### ACTIVITY
Please set down the whole listing again, precisely.

### INFORMATION SUPPLIED
╭──
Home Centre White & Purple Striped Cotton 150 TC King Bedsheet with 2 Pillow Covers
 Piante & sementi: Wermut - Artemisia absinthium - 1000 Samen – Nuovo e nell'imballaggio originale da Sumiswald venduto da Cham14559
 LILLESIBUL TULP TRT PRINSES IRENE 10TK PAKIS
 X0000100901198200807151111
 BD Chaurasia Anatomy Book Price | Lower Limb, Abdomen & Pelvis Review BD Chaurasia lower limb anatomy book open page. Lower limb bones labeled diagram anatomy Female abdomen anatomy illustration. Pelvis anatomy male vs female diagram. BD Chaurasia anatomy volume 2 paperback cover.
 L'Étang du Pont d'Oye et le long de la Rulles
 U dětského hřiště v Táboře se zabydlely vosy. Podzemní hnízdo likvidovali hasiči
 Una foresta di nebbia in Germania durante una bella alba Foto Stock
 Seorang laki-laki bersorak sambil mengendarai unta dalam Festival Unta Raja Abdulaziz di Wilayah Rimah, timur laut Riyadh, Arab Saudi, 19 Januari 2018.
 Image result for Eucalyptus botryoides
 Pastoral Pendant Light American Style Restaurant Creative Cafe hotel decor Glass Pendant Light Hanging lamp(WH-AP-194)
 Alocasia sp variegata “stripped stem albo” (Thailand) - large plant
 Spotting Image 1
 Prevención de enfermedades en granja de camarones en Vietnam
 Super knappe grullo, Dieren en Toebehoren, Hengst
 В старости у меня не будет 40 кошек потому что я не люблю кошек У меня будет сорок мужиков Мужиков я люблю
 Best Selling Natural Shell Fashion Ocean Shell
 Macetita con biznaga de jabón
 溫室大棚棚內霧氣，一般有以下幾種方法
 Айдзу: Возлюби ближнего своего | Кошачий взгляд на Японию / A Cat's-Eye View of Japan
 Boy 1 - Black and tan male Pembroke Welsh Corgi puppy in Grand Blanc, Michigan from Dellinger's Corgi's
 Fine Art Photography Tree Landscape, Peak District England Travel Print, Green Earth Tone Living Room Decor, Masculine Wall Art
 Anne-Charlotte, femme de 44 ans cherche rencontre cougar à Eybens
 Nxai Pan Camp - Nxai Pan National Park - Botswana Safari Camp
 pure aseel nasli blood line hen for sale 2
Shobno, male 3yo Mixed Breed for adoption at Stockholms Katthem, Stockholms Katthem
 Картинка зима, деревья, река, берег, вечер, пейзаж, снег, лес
╰──
### SOLUTION FOR THIS EXERCISE
Home Centre White & Purple Striped Cotton 150 TC King Bedsheet with 2 Pillow Covers
 Piante & sementi: Wermut - Artemisia absinthium - 1000 Samen – Nuovo e nell'imballaggio originale da Sumiswald venduto da Cham14559
 LILLESIBUL TULP TRT PRINSES IRENE 10TK PAKIS
 X0000100901198200807151111
 BD Chaurasia Anatomy Book Price | Lower Limb, Abdomen & Pelvis Review BD Chaurasia lower limb anatomy book open page. Lower limb bones labeled diagram anatomy Female abdomen anatomy illustration. Pelvis anatomy male vs female diagram. BD Chaurasia anatomy volume 2 paperback cover.
 L'Étang du Pont d'Oye et le long de la Rulles
 U dětského hřiště v Táboře se zabydlely vosy. Podzemní hnízdo likvidovali hasiči
 Una foresta di nebbia in Germania durante una bella alba Foto Stock
 Seorang laki-laki bersorak sambil mengendarai unta dalam Festival Unta Raja Abdulaziz di Wilayah Rimah, timur laut Riyadh, Arab Saudi, 19 Januari 2018.
 Image result for Eucalyptus botryoides
 Pastoral Pendant Light American Style Restaurant Creative Cafe hotel decor Glass Pendant Light Hanging lamp(WH-AP-194)
 Alocasia sp variegata “stripped stem albo” (Thailand) - large plant
 Spotting Image 1
 Prevención de enfermedades en granja de camarones en Vietnam
 Super knappe grullo, Dieren en Toebehoren, Hengst
 В старости у меня не будет 40 кошек потому что я не люблю кошек У меня будет сорок мужиков Мужиков я люблю
 Best Selling Natural Shell Fashion Ocean Shell
 Macetita con biznaga de jabón
 溫室大棚棚內霧氣，一般有以下幾種方法
 Айдзу: Возлюби ближнего своего | Кошачий взгляд на Японию / A Cat's-Eye View of Japan
 Boy 1 - Black and tan male Pembroke Welsh Corgi puppy in Grand Blanc, Michigan from Dellinger's Corgi's
 Fine Art Photography Tree Landscape, Peak District England Travel Print, Green Earth Tone Living Room Decor, Masculine Wall Art
 Anne-Charlotte, femme de 44 ans cherche rencontre cougar à Eybens
 Nxai Pan Camp - Nxai Pan National Park - Botswana Safari Camp
 pure aseel nasli blood line hen for sale 2
Shobno, male 3yo Mixed Breed for adoption at Stockholms Katthem, Stockholms Katthem
 Картинка зима, деревья, река, берег, вечер, пейзаж, снег, лес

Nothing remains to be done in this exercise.